» Problem requirements
Search the data for the word "shows" and copy out every line that has it.

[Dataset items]
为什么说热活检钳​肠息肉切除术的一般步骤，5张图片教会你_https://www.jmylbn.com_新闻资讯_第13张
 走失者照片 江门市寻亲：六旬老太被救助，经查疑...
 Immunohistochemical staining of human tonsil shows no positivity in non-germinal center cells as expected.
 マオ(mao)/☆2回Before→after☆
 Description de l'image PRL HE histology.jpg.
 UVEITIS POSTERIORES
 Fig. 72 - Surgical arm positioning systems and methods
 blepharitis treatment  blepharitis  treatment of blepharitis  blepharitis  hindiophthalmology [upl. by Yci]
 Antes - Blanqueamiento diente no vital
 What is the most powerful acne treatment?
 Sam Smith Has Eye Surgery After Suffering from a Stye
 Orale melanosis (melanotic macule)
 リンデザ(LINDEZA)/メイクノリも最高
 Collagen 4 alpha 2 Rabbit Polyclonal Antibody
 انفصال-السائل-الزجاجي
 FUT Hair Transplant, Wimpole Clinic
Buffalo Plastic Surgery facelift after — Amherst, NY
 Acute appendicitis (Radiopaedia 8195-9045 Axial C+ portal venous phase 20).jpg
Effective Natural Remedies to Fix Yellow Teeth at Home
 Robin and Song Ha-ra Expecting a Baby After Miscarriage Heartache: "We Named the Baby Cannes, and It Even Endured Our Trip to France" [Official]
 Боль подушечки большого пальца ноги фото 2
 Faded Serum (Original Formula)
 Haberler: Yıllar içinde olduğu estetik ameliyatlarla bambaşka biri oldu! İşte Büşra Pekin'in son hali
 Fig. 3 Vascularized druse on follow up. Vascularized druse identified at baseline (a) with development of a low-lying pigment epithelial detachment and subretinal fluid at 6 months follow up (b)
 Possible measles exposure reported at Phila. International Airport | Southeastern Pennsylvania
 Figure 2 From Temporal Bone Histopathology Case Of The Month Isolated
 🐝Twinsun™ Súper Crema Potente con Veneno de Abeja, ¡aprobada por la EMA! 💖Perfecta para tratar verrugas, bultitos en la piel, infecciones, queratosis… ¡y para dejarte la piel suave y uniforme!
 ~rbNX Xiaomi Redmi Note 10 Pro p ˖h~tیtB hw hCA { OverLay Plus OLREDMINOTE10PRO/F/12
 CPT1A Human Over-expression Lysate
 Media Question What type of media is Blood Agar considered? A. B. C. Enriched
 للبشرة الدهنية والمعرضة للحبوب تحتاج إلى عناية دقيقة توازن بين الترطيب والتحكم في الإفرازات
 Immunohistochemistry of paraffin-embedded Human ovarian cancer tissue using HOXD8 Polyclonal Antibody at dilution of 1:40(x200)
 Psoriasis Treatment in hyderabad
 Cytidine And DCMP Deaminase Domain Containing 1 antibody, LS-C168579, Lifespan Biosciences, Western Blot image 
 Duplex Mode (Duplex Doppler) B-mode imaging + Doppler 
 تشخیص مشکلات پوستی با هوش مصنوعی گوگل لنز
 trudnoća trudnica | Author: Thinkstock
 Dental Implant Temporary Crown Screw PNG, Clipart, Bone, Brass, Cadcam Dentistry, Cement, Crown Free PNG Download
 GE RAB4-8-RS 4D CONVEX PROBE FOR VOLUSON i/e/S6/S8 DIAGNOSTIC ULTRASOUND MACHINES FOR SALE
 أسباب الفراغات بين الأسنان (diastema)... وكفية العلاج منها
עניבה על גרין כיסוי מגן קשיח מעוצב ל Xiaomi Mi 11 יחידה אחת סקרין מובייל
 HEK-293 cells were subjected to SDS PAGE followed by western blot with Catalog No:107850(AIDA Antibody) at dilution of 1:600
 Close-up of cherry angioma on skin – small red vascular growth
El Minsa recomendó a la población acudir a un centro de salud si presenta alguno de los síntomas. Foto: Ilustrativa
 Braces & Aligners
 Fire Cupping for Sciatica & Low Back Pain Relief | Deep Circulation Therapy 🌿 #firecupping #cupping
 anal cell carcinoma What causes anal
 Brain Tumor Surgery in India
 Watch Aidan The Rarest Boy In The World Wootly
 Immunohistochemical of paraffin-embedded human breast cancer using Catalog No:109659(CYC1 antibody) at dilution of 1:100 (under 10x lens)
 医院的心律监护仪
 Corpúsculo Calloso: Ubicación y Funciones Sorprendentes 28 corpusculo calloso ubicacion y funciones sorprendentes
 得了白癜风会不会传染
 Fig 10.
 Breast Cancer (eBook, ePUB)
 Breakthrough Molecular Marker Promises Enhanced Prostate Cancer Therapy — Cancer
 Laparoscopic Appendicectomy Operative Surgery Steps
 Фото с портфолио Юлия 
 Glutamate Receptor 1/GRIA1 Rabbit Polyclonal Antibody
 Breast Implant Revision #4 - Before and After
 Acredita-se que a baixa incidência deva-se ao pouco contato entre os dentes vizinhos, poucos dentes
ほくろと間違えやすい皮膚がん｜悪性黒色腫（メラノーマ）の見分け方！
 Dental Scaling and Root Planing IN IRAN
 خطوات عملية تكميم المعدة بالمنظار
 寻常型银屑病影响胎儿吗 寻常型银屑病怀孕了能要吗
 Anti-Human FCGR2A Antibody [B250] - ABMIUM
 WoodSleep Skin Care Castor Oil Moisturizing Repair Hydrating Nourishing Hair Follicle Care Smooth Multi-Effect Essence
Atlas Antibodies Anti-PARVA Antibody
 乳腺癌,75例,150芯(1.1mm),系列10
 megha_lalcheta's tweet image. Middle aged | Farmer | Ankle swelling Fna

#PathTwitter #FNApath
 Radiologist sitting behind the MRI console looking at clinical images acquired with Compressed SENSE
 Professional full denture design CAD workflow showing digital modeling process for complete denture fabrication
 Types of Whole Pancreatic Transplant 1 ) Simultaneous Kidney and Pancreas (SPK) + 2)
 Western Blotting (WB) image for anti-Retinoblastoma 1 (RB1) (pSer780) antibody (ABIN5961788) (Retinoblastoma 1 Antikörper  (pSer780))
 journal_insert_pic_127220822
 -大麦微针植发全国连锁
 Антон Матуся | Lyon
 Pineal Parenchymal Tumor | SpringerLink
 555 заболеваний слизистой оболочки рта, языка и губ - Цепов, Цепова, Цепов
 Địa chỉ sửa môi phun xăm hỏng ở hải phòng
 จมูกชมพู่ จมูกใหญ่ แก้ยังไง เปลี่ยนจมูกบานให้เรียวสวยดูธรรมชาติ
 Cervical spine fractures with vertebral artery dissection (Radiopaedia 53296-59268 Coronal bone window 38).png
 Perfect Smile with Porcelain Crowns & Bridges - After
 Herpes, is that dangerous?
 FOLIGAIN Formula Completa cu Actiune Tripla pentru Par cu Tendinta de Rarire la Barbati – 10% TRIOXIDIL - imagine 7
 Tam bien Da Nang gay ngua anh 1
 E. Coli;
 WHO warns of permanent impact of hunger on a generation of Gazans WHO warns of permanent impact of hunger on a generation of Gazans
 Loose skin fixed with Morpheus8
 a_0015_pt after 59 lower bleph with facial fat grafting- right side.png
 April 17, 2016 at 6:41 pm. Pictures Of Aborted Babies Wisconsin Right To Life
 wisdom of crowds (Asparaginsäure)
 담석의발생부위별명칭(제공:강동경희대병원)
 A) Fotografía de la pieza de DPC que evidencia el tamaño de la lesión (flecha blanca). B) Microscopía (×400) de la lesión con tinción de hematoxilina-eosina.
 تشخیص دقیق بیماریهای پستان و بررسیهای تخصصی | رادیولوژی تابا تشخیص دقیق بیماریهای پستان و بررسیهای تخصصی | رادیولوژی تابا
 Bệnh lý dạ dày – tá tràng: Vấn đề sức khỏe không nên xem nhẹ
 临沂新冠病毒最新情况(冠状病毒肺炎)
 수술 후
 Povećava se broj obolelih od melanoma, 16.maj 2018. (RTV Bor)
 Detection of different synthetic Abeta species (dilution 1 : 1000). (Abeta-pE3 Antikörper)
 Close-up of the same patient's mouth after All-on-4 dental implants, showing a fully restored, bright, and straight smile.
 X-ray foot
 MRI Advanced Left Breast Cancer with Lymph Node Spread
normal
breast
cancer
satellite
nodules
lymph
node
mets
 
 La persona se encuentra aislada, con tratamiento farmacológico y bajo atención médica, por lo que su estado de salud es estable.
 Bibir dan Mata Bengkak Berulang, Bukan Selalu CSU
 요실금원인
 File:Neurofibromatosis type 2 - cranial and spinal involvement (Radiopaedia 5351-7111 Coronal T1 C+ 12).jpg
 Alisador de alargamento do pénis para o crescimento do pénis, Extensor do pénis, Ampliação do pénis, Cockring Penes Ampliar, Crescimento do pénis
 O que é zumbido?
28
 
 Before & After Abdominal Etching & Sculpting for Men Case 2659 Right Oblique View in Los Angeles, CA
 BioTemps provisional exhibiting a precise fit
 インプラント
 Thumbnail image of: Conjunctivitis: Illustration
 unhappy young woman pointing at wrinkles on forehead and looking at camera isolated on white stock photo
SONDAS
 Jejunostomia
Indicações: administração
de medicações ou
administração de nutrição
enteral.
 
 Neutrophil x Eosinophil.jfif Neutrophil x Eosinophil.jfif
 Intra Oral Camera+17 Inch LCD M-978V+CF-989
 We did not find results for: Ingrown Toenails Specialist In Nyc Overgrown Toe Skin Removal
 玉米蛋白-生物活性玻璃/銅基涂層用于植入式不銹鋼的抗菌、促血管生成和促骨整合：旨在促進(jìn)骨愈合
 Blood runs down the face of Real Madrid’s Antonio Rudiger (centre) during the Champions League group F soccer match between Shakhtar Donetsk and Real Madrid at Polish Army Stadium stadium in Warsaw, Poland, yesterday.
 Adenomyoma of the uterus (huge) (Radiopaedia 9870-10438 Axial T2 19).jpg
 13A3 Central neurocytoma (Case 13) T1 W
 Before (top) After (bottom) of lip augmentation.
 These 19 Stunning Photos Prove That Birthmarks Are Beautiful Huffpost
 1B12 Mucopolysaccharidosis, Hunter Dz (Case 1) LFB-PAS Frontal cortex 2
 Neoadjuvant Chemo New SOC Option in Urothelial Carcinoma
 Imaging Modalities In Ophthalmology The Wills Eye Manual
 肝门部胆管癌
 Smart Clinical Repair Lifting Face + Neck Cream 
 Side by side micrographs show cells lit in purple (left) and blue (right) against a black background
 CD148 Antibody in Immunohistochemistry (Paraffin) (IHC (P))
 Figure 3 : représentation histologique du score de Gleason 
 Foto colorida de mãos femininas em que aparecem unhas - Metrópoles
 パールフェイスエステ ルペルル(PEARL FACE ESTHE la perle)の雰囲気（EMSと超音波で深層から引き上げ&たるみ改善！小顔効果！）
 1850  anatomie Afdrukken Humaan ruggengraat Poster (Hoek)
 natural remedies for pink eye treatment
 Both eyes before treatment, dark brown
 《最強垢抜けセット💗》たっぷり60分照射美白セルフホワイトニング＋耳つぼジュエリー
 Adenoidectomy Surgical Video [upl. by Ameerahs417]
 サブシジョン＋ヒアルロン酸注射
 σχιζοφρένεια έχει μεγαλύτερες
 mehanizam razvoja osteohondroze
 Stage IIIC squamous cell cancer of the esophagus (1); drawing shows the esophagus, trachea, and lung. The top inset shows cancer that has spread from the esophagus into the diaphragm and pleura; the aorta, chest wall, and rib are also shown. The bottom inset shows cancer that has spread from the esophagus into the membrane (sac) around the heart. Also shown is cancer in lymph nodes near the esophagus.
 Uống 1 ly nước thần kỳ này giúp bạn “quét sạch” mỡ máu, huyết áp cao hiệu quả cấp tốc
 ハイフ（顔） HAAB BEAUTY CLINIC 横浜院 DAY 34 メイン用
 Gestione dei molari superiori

» Answer space
 Immunohistochemical staining of human tonsil shows no positivity in non-germinal center cells as expected.
 Stage IIIC squamous cell cancer of the esophagus (1); drawing shows the esophagus, trachea, and lung. The top inset shows cancer that has spread from the esophagus into the diaphragm and pleura; the aorta, chest wall, and rib are also shown. The bottom inset shows cancer that has spread from the esophagus into the membrane (sac) around the heart. Also shown is cancer in lymph nodes near the esophagus.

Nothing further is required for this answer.